20曲のいずれも「一音の響き」を大切にした曲。
派手さはない。超絶技巧も要らない。
その分、演者の繊細な感性が求められる。内面が表出する。
一音一音を如何に想いを込めて、音を慈しむように表現できるか。
(ピアノという楽器は人間的で繊細で本当に凄い。こわいほどに。)

教授の楽曲は、教授の演奏は、まさに「滴のような音色」。
ピアノも弦楽器なんだというのを強く感じる。弦の響きが包み込む。

・『Aqua』はその名の通り「滴」だった。熱いものが込み上げる。
・『The Sheltering Sky』のサビ部分の弦の響き。素晴らしい。
・『Tong Poo』では楽しげな口元も。(他の曲だったかも。)
・『MerryChristmas Mr.Lawrence』。空から降ってくるような音。。

途中で演奏を止めて、イメージと合うところを何度も探り出すシーンも。作品に妥協を許さない姿勢。

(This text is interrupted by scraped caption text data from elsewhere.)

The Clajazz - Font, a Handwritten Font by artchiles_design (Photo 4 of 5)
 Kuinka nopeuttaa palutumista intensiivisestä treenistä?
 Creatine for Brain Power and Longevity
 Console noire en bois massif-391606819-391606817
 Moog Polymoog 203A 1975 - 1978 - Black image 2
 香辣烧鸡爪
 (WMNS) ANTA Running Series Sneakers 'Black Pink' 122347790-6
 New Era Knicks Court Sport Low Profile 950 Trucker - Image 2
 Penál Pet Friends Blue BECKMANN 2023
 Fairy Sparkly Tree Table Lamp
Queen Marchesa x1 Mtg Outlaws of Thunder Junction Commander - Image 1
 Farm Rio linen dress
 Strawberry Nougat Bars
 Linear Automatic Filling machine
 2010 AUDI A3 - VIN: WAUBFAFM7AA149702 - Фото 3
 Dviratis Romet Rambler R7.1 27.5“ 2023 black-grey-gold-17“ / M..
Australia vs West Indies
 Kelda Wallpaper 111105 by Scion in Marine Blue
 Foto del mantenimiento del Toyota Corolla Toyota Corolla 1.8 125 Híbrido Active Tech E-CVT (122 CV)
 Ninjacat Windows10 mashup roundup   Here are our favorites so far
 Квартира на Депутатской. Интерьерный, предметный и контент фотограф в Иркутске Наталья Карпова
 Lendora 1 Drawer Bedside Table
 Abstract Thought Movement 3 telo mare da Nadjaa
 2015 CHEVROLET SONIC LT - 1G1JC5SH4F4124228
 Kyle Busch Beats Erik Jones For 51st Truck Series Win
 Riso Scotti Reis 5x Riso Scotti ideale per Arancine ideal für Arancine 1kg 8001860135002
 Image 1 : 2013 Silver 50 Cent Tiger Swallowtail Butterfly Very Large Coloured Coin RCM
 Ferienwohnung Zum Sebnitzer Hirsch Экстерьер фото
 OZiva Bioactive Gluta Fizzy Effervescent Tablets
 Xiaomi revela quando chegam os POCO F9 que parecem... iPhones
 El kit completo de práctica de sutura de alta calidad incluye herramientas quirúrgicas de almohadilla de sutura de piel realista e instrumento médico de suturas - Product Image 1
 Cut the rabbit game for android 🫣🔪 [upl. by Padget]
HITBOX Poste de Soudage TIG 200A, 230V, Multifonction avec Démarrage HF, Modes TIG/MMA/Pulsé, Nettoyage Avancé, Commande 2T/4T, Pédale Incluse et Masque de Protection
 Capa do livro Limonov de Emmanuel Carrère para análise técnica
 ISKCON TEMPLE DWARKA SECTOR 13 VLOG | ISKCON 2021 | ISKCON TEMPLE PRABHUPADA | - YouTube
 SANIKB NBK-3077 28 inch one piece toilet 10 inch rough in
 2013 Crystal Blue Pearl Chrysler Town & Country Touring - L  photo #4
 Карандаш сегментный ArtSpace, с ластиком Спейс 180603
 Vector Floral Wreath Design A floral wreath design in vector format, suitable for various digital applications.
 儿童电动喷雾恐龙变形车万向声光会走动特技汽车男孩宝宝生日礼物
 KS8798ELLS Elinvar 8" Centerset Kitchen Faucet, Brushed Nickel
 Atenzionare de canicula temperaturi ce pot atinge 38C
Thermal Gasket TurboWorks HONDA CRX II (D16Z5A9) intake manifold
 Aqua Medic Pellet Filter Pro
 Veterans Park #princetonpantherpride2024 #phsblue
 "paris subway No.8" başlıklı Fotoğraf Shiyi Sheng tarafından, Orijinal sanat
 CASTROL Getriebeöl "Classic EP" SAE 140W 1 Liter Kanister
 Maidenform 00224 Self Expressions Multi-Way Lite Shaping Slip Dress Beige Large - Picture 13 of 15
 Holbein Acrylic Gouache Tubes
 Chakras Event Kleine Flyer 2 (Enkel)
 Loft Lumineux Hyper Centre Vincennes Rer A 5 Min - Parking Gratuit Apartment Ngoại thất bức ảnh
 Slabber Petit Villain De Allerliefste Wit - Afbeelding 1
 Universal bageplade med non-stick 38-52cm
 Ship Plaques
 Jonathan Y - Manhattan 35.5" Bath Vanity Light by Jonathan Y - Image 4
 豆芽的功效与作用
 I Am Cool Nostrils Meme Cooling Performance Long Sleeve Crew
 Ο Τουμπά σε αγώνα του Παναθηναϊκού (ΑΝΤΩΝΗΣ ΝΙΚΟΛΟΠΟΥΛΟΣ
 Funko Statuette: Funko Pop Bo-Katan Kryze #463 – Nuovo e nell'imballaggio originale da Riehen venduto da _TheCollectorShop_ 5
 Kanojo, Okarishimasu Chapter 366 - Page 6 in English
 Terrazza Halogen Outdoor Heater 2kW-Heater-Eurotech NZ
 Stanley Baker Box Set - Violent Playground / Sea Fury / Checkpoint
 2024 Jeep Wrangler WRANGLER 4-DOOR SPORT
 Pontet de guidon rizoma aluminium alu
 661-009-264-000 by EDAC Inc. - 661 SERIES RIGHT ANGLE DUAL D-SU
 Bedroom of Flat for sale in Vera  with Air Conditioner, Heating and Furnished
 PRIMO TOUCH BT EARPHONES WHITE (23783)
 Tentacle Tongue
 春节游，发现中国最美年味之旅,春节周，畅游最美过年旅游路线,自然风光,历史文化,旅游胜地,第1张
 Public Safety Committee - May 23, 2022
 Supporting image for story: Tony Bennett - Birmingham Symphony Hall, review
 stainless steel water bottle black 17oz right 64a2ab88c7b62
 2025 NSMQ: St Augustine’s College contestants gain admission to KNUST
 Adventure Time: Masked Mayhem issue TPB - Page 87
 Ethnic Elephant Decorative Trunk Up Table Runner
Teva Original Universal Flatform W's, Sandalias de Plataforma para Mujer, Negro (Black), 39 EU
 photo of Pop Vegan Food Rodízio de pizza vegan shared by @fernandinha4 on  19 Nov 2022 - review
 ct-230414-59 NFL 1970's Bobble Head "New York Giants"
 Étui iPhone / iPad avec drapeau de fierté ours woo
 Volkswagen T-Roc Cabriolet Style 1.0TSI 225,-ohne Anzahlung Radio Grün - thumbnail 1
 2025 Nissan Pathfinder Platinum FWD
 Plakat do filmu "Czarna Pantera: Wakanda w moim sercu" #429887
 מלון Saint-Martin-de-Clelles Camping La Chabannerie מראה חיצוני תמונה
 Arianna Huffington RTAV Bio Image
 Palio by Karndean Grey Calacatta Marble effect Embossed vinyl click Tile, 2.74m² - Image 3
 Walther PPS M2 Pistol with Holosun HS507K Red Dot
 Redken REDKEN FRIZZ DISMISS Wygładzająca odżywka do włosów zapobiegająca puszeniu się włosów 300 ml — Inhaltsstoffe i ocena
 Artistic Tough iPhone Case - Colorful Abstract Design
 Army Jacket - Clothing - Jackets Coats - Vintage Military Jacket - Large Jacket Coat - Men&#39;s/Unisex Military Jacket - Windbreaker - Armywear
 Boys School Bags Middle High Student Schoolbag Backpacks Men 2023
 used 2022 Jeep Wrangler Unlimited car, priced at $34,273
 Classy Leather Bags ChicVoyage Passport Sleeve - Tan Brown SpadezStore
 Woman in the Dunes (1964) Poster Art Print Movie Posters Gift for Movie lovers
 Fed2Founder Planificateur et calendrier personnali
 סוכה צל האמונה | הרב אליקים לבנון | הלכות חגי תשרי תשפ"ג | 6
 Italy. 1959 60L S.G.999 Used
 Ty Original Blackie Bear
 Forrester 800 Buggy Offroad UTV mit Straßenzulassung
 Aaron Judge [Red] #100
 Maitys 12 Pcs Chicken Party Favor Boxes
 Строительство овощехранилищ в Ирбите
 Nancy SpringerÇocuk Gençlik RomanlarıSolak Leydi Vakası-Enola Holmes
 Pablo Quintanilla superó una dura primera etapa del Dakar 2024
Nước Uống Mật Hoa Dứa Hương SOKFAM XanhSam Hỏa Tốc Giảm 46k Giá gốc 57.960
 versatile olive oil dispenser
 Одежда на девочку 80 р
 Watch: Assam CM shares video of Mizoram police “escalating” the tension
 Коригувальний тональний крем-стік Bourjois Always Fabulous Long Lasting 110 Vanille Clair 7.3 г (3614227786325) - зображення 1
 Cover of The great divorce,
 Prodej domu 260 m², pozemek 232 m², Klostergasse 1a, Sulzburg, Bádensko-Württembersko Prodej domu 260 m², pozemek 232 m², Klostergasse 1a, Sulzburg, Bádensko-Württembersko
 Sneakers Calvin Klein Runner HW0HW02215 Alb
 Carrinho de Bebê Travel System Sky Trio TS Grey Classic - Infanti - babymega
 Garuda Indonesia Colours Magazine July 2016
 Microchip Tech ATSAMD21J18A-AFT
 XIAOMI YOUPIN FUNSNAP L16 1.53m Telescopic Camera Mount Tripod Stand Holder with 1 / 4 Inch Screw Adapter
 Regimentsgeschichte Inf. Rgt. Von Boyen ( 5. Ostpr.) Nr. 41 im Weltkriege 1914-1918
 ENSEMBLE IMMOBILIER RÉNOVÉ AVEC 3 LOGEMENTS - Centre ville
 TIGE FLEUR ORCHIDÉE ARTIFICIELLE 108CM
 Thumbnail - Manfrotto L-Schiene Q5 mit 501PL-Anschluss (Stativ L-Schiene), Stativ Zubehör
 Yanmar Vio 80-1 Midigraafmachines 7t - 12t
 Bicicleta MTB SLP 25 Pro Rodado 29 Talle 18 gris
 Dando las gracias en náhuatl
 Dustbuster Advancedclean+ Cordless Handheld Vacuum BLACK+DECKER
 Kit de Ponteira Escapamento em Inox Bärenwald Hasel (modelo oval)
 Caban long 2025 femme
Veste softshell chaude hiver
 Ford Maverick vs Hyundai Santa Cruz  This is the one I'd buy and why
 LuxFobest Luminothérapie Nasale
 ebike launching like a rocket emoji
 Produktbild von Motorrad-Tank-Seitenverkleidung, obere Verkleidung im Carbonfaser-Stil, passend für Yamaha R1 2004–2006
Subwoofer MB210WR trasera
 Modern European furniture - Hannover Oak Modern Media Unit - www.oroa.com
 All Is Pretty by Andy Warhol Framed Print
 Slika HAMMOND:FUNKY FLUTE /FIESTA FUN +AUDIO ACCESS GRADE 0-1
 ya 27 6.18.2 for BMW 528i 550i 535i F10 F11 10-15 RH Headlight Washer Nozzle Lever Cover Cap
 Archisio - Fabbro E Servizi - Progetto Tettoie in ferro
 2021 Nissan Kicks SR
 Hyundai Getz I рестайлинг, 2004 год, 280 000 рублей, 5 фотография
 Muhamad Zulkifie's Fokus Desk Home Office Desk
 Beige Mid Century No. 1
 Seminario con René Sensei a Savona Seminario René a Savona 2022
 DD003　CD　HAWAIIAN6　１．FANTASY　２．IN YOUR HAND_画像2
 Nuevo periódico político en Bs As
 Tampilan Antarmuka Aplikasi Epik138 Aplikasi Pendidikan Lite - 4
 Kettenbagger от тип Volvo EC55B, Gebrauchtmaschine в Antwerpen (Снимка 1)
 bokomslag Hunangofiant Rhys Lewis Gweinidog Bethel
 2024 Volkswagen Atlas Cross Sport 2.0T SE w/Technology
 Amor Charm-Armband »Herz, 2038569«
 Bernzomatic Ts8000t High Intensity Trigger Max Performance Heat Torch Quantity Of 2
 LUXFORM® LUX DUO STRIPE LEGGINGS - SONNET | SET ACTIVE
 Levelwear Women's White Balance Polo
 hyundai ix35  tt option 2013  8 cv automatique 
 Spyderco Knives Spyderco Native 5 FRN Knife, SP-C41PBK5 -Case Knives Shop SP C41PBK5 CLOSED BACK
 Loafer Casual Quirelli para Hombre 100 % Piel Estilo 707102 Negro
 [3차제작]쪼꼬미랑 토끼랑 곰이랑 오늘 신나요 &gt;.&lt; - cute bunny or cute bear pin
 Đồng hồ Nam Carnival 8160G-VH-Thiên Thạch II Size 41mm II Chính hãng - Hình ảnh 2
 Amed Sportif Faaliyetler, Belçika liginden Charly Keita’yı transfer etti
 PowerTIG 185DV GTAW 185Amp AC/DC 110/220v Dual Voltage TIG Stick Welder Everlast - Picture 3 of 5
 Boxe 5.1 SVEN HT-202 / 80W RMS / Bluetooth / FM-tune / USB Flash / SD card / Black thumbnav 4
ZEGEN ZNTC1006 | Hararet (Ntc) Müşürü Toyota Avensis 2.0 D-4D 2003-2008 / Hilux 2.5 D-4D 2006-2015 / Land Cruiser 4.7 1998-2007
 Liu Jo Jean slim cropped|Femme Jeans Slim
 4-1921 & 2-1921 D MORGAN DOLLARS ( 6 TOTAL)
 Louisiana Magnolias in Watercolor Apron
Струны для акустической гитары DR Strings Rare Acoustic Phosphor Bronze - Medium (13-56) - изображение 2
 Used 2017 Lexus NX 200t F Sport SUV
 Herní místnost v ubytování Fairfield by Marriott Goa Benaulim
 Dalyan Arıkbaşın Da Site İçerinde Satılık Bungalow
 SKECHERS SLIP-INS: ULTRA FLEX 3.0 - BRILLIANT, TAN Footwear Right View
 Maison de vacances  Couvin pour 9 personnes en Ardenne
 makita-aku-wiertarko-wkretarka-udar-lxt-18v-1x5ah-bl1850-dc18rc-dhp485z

静寂な空間。座っている姿勢を変えることさえ憚れる。この映画を観に来ている人はその辺良く分かっていて、皆微動だにしない。静寂。 途中、お腹の音が鳴って焦った。(笑

あまりに静寂だからか演奏時のバックに微かに聞こえる「プシュー」という音が気になった。酸素ボンベ?教授の鼻息?館内の空調? いや多分「ペダル音」なんだろうな。
途中からは気にならなくなったけれど。静寂であるがうえの現象か。

教授の刈り上げられた細い後頭部、皺のある長い指先。モノクロであることも相まって死が迫っているのを感じさせる。

エンディングの曲。そうきたかの演出。
ああ、行ってしまった。。

教授のように生命を完全に燃やして生きているか?自問する。
ありがとう。教授。

momokichi
トミーさんのコメント
2024年8月11日

ピアノ内部で叩いたバーが響く音? も気になりました。

トミー
Mさんのコメント
2024年7月7日

私は特別坂本さんのファンだったわけではないのですが、この映画を見て以来、ずっと彼のピアノが頭の中で響いています。